TASK INSTRUCTIONS: Return all the lines below exactly as written. Drop every picture.

SOURCE DATA:

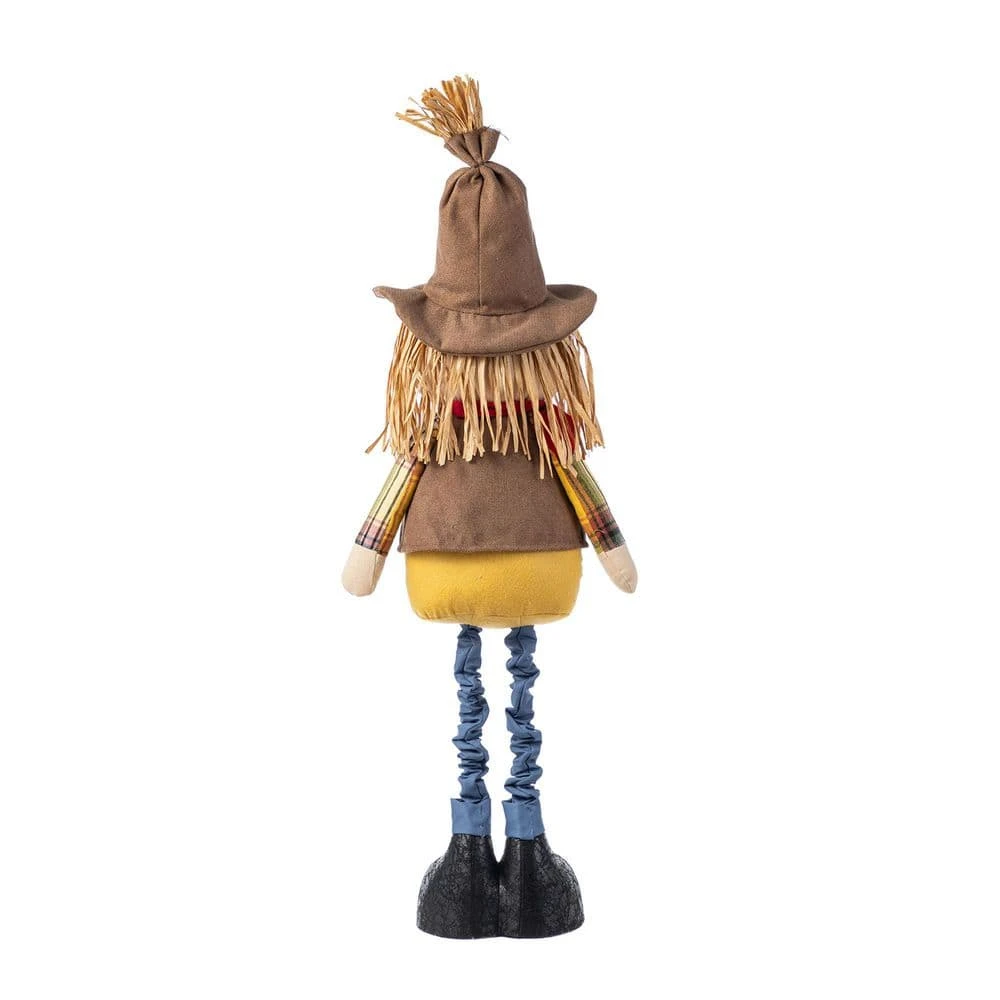 33-38 In. Fall Fabric Scarecrow Porch Decor With Telescoping Legs 3 33-38 In. Fall Fabric Scarecrow Porch Decor With Telescoping Legs - Image 3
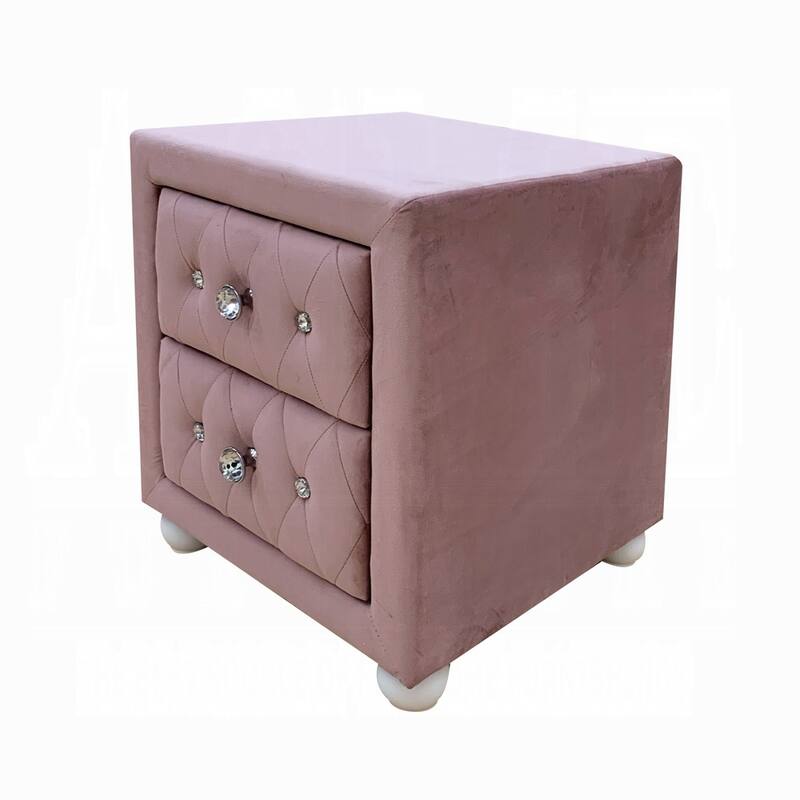 Pink Fabric Upholstered Nightstand with Crystal Knobs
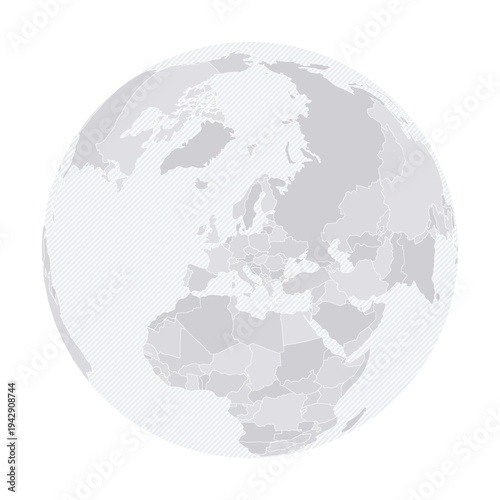 Customizable Europe Wireframe Globe - Orthographic Projection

ANSWER:
 33-38 In. Fall Fabric Scarecrow Porch Decor With Telescoping Legs 3 33-38 In. Fall Fabric Scarecrow Porch Decor With Telescoping Legs - Image 3
 Pink Fabric Upholstered Nightstand with Crystal Knobs
 Customizable Europe Wireframe Globe - Orthographic Projection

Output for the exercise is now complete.